We have one of the very best climates in the world — for about six months of the year. And during those lamentably brief near-perfect periods, dining outdoors is a great way to pass a Southern Nevada evening.

Finding a place to do that, though, can be somewhat of a challenge. Quite a few valley restaurants offer al-fresco dining areas, but a number of them border busy roadways. And while they’re generally gussied up with shade structures, lots of plants and the requisite water feature, the knowledge that traffic and road grime are just out of view kind of puts a damper on the get-out-in-nature feeling.

Which is why dining outdoors in Desert Shores is such a treat, with two restaurants in the neighborhood’s main commercial center — Marche Bacchus and the newer Garfield’s — having expansive terraces on the large lake there.

When we dined at Garfield’s on a recent evening we would have been at risk of losing not only our napkins but probably our food and wine glasses to the crazy wind, so al fresco was out. But since large glass panels allow for a nearly unobstructed view of the lake with its swans and boats, and since those panels are hinged and were positioned to let in just enough of the wind to qualify as a gentle breeze, we had the next best thing.

The menu at Garfield’s is kind of all over the place. While that can be a sign that a restaurant is unsure of its mission, in this case it’s because this is clearly a neighborhood restaurant as well as a destination one, and accordingly goes for wide appeal. And so there is pizza and pasta but also steaks and seafood, tied together with a loose interpretation of what we used to call "continental," which is fitting considering that the restaurant was named for a cricket player who was knighted on the field.

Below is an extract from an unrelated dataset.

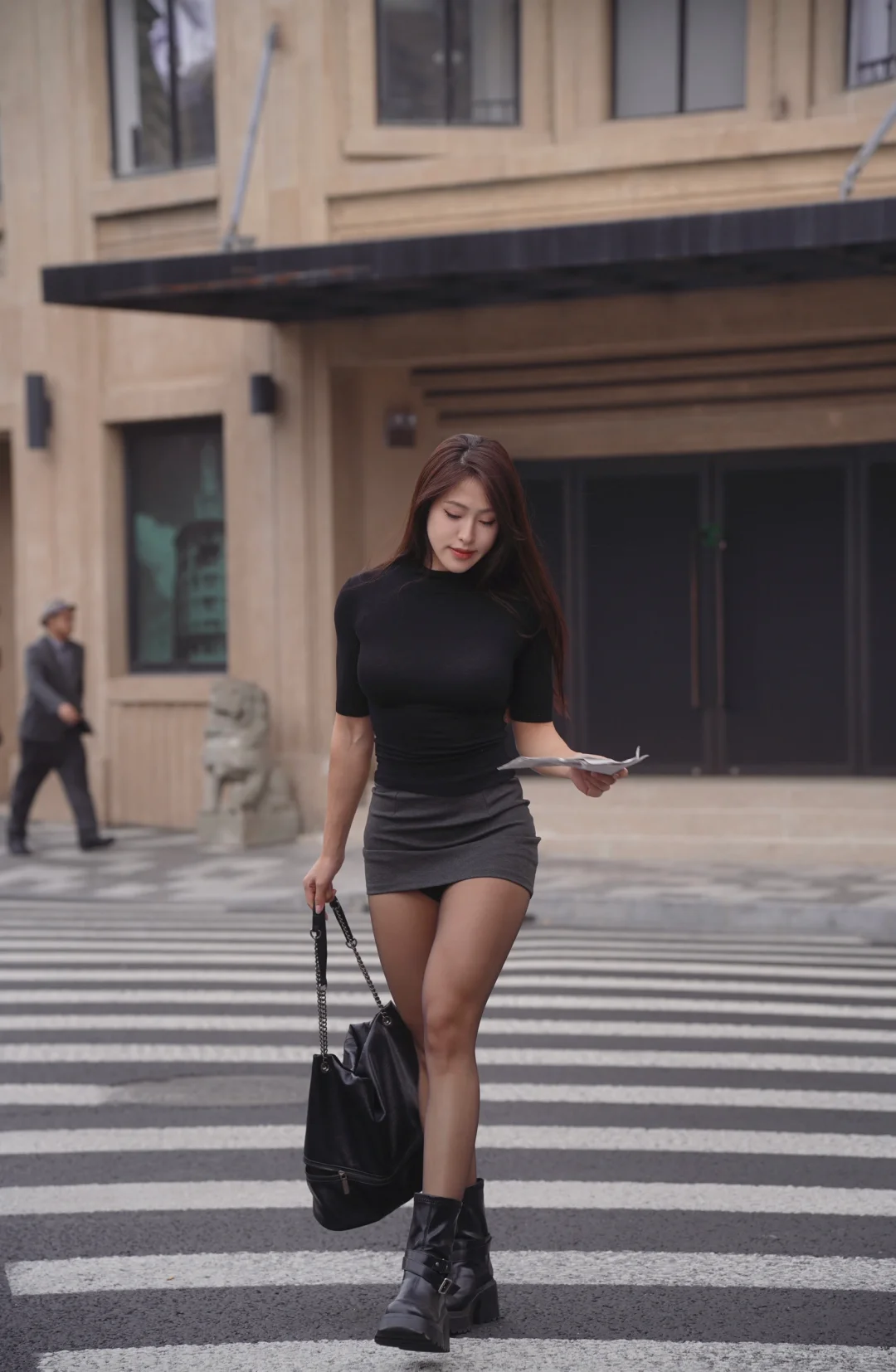 经常练腿的线条感黑丝也挡不住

Among the seafood dishes are Today’s Simple Grilled Fish and Today’s Pan Fried Fish, and on the evening of our visit the latter was sand dabs ($27; it’s market-priced, and our waiter gave us the price along with the description). They’re rare in these parts, delicate little fillets best with just a light sauteing, as was the case here. Instead of the tartar sauce mentioned on the menu they were served with a lighter and more suitable fresh salsa, which we still thought a little overwhelming for the little fish. They didn’t quite match up to the right-out-of-the-water sand dabs we’ve had in San Francisco, but they were awfully good, and the lightly sauteed string beans on the side were a fitting minimalist touch.

A Niman Ranch free-range double pork chop ($31) was moist, full of flavor and quite generously sized. This one comes with a choice of potato, and the garlic mashed, though creamy, were light on the garlic.

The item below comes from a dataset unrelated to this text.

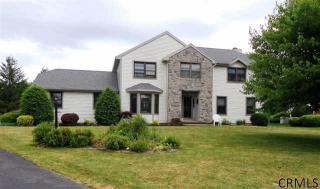 26 Cayuga Ct, Slingerlands, NY 12159-9400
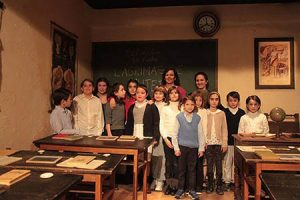 Foto de grupo con los niños que han participado en el rodaje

We started with a grilled artichoke ($12), which actually turned out to be one and a half grilled artichokes since the plate contained three pretty good-sized halves, blackened on the exterior and succulent inside, though we had to contend with just a bit of grit here and there. A particularly nice touch was the cup of garlic aioli with green garlic, which is milder but still has a clear garlic flavor.

A chocolate souffle ($13) was classic, accented perfectly by a pitcher of creme anglaise in the time-honored yin-and-yang flavor combination. As is usually the case with souffles we had to order this ahead, and after all that artichoke probably wouldn’t have, but we enjoyed it nonetheless.

Service throughout was very good, but it was a slow evening; our waiter said he’d been far busier the evening before, without the barnstorming wind.

Nearly all of our dishes at Garfield’s had a small "but," which I guess comes with the territory of a neighborhood restaurant. But with a setting like this and great, friendly service, those "buts" are easy to overlook.